Sieze the moment, drink a lot and with your spare few hours check out the Noonamah Taverns Thursday porn & prawn night....$10 for a plate of praws and strippers all night....
Watch out for my old man though, he had a 4m croc follow him in to the pub one day....escapee from a local park apparently.

Microbreweries..Mobil and Ampol.
NT's local beer....Leaded aka "Heavy" and Unleaded aka "Midstrength"....
Too far???


----------



## Josh (28/1/10)

Count Vorlauf said:


> Coopers was making a big push when I was up there last August. You could get it at the Trailer Boat Club. Seconding Josh's recommendation for the views!
> 
> There was a boutique grocery in Parap with a bottle shop that carried some imports and craft beers. Can't remember the name. Parap Fine Foods maybe?
> 
> Bogart's, also in Parap, is owned by an Austrian or German fellow and I seem to recall that he had a good range of German beers. The interior is dark and a little daggy, but the food and booze was top notch.


Stayed across the road from that Parap Fine Foods shop in 2007. Not too bad a selection. The pub up the road had better opening hours from memory. It's a little out of town if you're staying in the city or at Cullen Bay. I wouldn't head to Parap just for the bottle shop but. Perhaps on a Saturday? for the markets.


----------



## sinkas (3/7/12)

any new places of beer interest in darwin,
I off up there in a few weeks,
any additional info would be appreciated


----------



## welly2 (24/2/15)

Just to raise an old, old thread from the dead, there's basically one place in Darwin that sells craft beer - The Precident at the water front. There is one other option - The Tap on Mitchell Street which has a few different types of Little Creatures beers, some James Squires and a couple of other beers I forget the name of. But that's it. Everywhere else is Coopers (which is something, at least) and VB/Carlton/Tooheys piss. The Vintage Cellars and Woolworths bottle shops have a reasonable selection but I've had pretty much everything Vintage Cellars has in their craft section and I'm hesitant to resort to the gluten free beers.

Oh, I've just found out that The Deck Bar on Mitchell Street had something of a beer festival over February but as I've not really been drinking much other than my home brew this month, I didn't get to check it out. That's a shame.


----------



## wide eyed and legless (4/3/16)

Going to Darwin tomorrow, the only pub I could find was the Precinct on the water front I presume this is the one, though as far as craft beers go it isn't very far, but better than VB etc etc.


----------



## wide eyed and legless (4/3/16)

Found a brewery.
http://www.onemilebrewery.com.au/home.html


----------



## Pistolpete01 (4/3/16)

I was drinking One Mile brews at the Precinct a few weeks back and can highly recommend them, it's certainly the best beer you will find in Darwin on tap.

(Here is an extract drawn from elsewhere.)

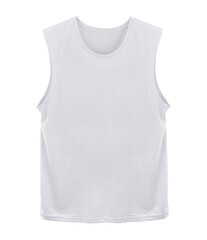 Blank muscle tank top color white front view on white background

I think I felt a tear roll down my face when I had my first sip of the IPA. I had not tasted fresh hops since September and I felt a relapsing drug addict! 

The RDO was a cracking brew as well.


----------



## droid (4/3/16)

Rorkes - my neighbour reckons it's cool. you can buy a card then go around swiping it at different beer dispensers, apparently lots of beer to choose from

if you facebook look 

here

i couldn't find a website


----------



## Rocker1986 (4/3/16)

We have a couple of places like that in the Valley and up at Mooloolaba called Taps which is basically the same idea where you pay for a little magnet thingy and go and stick it on readers near the beer taps and pour your own. It's pretty cool but sometimes the taps are a bit foamy.  Usually got something I haven't tried before though, had some nice ones there.


----------



## wide eyed and legless (4/3/16)

Never seen anything like that before, don't have to get off your arse to get a shout!


----------



## welly2 (4/3/16)

droid said:


> Rorkes - my neighbour reckons it's cool. you can buy a card then go around swiping it at different beer dispensers, apparently lots of beer to choose from
> 
> if you facebook look
> 
> ...


It's seriously a bit too flash for Darwin is Rorkes. You get blinded the minute you step in the joint because of the shine of the overly polished fittings. It ain't Darwin is Rorkes.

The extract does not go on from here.